For a farm open day this spring, Teagasc researchers in Ireland spread the same quantity of the same slurry three different ways onto a demonstration area of grassland.

Only four weeks later, grass growth from two of them was nearly double the other one.

Reported by researcher Willian Conlan, the under-performer was splash-plate distribution. The best was trailing shoe with dribble hose a very close second. The differences in grass covers after four weeks’ regrowth were huge:
– Splash Plate: 1,200KG DM/ha
– Dribble hose: 2,100KG DM/ha
– Trailing show: 2,200kg DM/ha

The explanation is elegantly simple, says Liz Russell from Envirosystems – “Minimal foliar contamination with slurry.

“Imagine spraying slurry onto your house windows. In addition to family disapproval, you’d spend the next few weeks living in semi-darkness until the window cleaner comes or there’s some particularly heavy rainfall to wash the opaque film off the glass.

“Likewise with grass, a surface layer of dried slurry reduces light energy reaching the leaves, thereby restricting photosynthesis.

“So if you want more grass regrowth from slurry – and who doesn’t – then look at alternative ways to spread slurry rather than spraying,” says Liz.

Environmental benefits

Also from Teagasc, Joe Kelleher adds: “Spreading slurry with a trailing shoe, dribble bar or injector system can reduce the ammonia emissions up to 97% of those emitted with a splash plate.”

Where the grassland receiving slurry is pasture, Mr Burchill also reports that cows can return to grazing after only two to three weeks following soil surface placement of slurry.

Those with experience of splash-plate distribution report that a five or six-week interval is advisable.
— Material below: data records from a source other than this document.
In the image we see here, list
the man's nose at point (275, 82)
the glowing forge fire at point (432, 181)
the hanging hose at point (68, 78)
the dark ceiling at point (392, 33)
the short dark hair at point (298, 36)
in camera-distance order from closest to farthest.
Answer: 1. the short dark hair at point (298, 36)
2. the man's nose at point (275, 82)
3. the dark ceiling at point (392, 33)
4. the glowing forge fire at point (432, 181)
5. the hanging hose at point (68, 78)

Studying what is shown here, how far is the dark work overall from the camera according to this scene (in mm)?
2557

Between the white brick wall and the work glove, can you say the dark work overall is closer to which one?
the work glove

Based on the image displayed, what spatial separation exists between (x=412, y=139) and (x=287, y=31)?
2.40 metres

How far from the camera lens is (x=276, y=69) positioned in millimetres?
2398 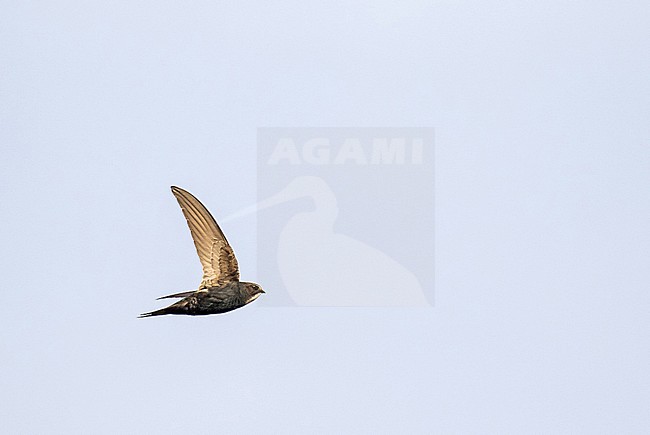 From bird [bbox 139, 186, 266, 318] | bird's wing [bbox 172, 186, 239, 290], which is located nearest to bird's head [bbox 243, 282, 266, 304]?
bird [bbox 139, 186, 266, 318]

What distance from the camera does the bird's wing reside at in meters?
16.2

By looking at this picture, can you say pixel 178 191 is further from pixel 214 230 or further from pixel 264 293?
pixel 264 293

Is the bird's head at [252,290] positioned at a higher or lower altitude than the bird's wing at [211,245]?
lower

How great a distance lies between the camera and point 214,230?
16234mm

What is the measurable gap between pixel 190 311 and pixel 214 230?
1525mm

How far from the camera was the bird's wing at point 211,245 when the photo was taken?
53.1 feet

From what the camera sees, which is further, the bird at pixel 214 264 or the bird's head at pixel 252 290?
the bird's head at pixel 252 290

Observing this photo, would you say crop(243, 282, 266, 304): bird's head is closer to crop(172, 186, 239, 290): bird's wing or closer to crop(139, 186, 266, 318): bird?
crop(139, 186, 266, 318): bird

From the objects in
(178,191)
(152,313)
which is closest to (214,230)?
(178,191)

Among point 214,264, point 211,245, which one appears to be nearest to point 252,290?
point 214,264

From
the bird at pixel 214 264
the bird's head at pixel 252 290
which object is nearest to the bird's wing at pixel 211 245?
the bird at pixel 214 264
Otherwise in silage crops, even a minimum of residual foliar contamination risks-high pathogen levels on cut grass. This would not only produce a poor, possibly butyric, fermentation but also make cows unwell or worse if bugs like Listeria or Clostridia, for example, were present.
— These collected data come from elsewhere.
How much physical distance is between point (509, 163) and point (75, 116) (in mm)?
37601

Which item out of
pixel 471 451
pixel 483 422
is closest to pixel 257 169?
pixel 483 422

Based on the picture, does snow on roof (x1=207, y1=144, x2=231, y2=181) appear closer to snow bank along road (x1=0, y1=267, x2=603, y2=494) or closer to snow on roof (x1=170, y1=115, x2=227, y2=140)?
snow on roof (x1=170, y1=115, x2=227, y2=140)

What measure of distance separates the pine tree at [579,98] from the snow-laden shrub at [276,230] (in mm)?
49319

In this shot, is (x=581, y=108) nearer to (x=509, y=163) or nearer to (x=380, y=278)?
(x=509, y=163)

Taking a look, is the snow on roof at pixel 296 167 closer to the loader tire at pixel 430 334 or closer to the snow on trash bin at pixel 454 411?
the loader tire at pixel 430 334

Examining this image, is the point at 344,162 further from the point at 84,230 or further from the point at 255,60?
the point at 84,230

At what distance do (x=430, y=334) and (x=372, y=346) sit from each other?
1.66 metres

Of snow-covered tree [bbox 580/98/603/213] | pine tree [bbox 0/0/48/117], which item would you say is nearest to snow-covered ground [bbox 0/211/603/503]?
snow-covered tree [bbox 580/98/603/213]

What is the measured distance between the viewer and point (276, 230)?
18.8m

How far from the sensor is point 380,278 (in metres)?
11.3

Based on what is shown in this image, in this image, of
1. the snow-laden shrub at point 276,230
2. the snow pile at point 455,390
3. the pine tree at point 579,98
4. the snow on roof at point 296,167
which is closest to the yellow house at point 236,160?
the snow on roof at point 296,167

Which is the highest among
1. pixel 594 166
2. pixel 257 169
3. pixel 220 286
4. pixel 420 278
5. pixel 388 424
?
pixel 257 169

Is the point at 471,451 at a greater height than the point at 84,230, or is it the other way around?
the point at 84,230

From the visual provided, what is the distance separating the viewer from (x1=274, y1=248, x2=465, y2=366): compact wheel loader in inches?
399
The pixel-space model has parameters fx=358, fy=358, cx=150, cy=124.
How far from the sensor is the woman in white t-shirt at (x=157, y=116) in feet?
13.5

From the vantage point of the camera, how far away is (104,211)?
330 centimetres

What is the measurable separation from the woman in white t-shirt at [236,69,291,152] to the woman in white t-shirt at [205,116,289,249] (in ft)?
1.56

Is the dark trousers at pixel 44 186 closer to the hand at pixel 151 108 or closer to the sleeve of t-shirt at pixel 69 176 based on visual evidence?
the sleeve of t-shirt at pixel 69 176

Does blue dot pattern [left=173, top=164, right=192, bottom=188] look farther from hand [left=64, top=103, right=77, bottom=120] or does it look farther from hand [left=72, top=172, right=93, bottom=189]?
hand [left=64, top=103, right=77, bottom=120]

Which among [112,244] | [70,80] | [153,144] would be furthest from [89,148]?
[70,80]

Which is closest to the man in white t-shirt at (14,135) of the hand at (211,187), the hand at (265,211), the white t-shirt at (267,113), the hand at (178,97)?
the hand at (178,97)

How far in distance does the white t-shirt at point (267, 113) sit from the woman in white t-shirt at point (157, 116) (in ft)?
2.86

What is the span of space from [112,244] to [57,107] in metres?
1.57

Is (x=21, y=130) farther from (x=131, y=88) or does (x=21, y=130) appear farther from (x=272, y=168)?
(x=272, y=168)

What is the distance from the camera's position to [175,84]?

In addition to this physical fine-tuning of slurry application, Liz says; microbial treatment can add another dimension of gains and safeguards, of which her company has much evidence.

“Seeding your slurry store with the right probiotic microbes in feeding soil with more aerobic and fewer anaerobic bacteria. This supports earthworms, invertebrates, and micro-organisms, on all of which a fertile and productive soil depends”.
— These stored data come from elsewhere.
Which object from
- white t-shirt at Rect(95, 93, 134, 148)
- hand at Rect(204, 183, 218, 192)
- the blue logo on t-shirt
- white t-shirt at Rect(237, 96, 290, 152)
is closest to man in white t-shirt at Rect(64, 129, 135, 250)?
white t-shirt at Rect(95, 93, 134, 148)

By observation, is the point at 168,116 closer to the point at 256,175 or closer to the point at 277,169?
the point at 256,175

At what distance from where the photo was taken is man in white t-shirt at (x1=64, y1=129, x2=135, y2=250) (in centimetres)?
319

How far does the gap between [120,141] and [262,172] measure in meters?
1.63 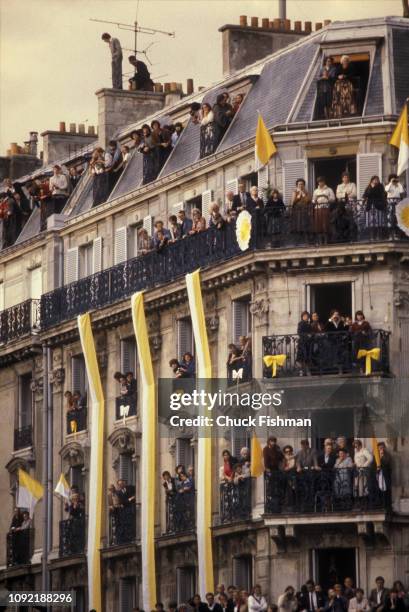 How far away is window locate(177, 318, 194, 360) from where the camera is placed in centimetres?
8069

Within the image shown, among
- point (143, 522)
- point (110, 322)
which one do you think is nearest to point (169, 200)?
point (110, 322)

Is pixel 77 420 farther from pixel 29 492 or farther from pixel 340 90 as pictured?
pixel 340 90

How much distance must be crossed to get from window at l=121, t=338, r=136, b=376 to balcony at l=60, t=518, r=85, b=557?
163 inches

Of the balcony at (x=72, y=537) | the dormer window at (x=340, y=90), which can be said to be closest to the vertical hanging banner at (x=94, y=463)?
the balcony at (x=72, y=537)

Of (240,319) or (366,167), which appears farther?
(240,319)

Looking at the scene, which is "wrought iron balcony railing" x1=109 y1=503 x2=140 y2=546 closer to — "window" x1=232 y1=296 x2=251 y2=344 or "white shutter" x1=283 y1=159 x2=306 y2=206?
"window" x1=232 y1=296 x2=251 y2=344

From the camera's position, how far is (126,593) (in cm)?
8162

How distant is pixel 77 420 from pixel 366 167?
43.8ft

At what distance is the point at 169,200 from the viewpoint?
271ft

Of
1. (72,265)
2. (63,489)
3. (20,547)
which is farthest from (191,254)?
(20,547)

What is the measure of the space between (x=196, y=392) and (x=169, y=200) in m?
6.65

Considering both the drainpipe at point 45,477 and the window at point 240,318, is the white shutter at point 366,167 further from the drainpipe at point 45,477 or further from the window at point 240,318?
the drainpipe at point 45,477

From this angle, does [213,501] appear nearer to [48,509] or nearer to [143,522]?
[143,522]

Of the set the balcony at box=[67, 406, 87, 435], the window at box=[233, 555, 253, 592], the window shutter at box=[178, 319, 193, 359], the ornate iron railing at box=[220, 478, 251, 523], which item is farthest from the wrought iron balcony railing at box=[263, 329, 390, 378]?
the balcony at box=[67, 406, 87, 435] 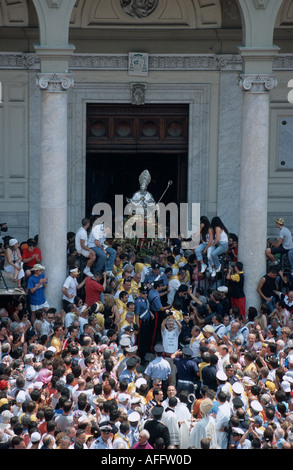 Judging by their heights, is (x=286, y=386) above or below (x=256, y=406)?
above

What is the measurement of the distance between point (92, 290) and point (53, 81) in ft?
13.1

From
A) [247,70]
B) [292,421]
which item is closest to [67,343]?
[292,421]

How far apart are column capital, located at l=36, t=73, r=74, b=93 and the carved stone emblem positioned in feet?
15.3

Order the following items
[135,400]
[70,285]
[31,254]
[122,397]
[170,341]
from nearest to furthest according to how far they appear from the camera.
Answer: [135,400], [122,397], [170,341], [70,285], [31,254]

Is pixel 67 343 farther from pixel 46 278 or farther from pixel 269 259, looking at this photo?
pixel 269 259

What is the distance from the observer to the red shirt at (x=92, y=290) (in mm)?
21016

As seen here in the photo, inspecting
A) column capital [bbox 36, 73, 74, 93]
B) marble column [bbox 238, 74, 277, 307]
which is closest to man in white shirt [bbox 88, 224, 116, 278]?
marble column [bbox 238, 74, 277, 307]

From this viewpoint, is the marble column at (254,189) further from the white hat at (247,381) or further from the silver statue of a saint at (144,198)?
the white hat at (247,381)

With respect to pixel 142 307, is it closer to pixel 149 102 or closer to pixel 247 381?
pixel 247 381

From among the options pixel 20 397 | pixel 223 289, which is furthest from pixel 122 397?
pixel 223 289

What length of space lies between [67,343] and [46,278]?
309 centimetres

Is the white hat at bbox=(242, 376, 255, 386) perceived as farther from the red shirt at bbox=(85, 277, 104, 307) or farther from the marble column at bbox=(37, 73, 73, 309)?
the marble column at bbox=(37, 73, 73, 309)

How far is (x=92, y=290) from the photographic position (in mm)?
21062

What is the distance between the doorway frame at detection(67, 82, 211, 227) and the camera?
25.9 meters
  • EnviroSystems recommended a ‘Slurry Store To Money Store’ action list:
  • Organise trailing shoe or dribble hose application.
  • Manage storage for runny slurry – no more than 6% dry matter – so it soaks into the soil quickly
  • Analyse slurry and work out the right application rates in conjunction with bag fertiliser. Average quoted nutrient contents because they can mislead.
  • Look into how microbial treatment can improve slurry’s fertiliser value and free-flow consistency.
  • Finally, don’t apply too much slurry. Better too light at 1,500 gallons per acre (17 tonnes per hectare) and topped up from bagged fertiliser rather than overspending and spoiling the next cut.